On 2020-7-26, I hiked a 6.6-mile route in the Simsbury Land Trust Tanager Woods preserve, and Penwood State Park.  Here's a link to an interactive map I made showing my route and where my pictures were taken: http://arcg.is/0TKW9q   .  I'll put in location numbers to show where the pictures below were taken.

Here's a static screen shot of the interactive map.



1.  Work is ongoing in the power cut.  Note the heavy timbers that have been put down to allow heavy equipment to get through without sinking into the soil.  I didn't hear any work going on, so I proceeded on my route, shown in pink on the interactive map.


2.  It looks like wooden poles were replaced with metal poles.


2.  The old wooden poles and assorted stuff to do with power lines.


3.  This mushroom along an obscure white-blazed trail was about three-quarters-of-an-inch high.

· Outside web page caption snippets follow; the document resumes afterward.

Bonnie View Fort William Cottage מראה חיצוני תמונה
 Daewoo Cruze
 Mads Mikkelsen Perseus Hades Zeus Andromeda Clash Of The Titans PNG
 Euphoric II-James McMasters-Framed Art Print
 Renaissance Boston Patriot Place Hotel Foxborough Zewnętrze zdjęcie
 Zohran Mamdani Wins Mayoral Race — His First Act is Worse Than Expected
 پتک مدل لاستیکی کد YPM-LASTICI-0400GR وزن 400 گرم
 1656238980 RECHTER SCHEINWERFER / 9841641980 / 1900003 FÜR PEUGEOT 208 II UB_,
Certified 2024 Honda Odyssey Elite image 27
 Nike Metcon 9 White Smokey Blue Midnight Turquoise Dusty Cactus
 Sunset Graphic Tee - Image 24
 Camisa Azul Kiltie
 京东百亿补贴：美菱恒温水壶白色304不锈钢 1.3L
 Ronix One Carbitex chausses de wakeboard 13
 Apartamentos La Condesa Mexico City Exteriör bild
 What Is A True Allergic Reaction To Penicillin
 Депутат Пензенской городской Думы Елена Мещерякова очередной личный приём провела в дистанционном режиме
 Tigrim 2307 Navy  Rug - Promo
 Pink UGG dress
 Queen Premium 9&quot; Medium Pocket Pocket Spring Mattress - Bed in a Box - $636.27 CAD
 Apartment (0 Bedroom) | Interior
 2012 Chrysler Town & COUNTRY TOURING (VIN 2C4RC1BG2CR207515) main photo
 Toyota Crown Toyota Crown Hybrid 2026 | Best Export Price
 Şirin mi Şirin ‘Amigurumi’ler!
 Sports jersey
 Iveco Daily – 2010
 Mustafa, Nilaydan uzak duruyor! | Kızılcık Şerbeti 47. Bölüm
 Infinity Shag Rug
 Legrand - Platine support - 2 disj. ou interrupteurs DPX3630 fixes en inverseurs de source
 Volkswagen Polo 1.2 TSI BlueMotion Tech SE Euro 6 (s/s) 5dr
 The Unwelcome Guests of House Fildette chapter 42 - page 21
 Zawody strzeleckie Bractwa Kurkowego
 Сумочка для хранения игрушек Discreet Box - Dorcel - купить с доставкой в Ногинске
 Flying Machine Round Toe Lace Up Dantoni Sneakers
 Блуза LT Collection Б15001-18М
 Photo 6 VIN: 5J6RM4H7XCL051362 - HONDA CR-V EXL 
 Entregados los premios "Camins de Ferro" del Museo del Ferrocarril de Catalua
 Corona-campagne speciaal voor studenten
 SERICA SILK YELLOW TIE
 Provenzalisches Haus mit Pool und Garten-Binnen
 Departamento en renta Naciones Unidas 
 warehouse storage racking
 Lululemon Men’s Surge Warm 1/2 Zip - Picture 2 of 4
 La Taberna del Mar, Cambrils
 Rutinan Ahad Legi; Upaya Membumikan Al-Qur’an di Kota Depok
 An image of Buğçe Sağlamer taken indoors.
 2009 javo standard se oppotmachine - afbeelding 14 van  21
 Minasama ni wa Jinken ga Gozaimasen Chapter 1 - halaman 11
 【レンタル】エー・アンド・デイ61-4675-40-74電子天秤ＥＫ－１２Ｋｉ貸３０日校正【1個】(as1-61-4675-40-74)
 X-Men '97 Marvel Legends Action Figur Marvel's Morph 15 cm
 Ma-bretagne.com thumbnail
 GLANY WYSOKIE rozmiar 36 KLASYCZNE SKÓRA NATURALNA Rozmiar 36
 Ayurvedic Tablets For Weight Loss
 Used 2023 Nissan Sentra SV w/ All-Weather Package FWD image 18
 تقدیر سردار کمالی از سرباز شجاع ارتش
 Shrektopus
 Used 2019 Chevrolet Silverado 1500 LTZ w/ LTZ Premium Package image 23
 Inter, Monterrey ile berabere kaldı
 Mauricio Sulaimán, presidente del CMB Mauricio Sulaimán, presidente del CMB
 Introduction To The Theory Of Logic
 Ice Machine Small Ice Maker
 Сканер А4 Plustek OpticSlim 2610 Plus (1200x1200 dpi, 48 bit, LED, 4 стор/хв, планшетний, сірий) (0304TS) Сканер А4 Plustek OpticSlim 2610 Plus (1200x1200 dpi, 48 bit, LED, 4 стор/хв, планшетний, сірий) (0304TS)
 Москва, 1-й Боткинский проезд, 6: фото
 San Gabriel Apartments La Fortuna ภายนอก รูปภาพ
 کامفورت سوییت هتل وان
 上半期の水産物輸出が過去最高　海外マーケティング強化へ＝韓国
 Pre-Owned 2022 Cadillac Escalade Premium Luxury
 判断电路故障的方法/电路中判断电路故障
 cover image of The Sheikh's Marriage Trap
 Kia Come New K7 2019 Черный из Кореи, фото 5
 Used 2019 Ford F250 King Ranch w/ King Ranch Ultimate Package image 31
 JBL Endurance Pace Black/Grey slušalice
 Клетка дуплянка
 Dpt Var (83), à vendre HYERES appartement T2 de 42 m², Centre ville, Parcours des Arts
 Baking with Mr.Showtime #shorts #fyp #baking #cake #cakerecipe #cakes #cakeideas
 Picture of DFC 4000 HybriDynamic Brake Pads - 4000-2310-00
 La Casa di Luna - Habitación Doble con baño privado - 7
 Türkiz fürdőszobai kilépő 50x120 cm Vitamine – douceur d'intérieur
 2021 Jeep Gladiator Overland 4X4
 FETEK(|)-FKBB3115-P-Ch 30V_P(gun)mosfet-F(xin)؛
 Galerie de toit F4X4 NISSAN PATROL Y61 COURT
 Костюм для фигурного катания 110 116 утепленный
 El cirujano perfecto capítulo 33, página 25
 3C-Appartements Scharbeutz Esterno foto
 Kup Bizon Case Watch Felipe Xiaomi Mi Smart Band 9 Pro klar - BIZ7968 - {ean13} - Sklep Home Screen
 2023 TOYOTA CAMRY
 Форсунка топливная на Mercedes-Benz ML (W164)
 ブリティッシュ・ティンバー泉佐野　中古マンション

4.  A big dead tree (white oak?) where the white trail turns from northerly to easterly.  Another even more obscure trail branches off to the northwest.


5.  On the Metacomet Trail.  I am at a viewpoint called "The Pinnacle."  Curtis Veeder, the owner of the property before the property became Penwood State Park, had steel stakes put up at various points that he had determined the longitude and latitude of using astronomical surveying equipment.


6.  Another Curtis Veeder stake, this one on a stone platform about five feet high.


7.  I followed an unblazed path off the Metacomet Trail that led to this Curtis Veeder stake that I had not seen before.


8.  Another Curtis Veeder stake, this one on the Penwood State Park yellow-blazed trail.


9.  I don't how many people turn around when they see these signs.  If I heard work in process, I'd be wary about proceeding.


10.

11.  This was along one of the nicely mown paths in Tanager Woods.  I think this rosette of foliage is the result of Goldenrod Bunch Gall Midge, Rhopalomyia solidaginis.  The midge causes the goldenrod to produce plant tissue that is somehow of use to the midge, I think.


12.  This Simsbury Land Trust-maintained path has received some recent attention.  A trench has been built, or rebuilt, on the uphill side and culverts put in, or cleaned out.  I think this is technology used all over the world on gravel roads.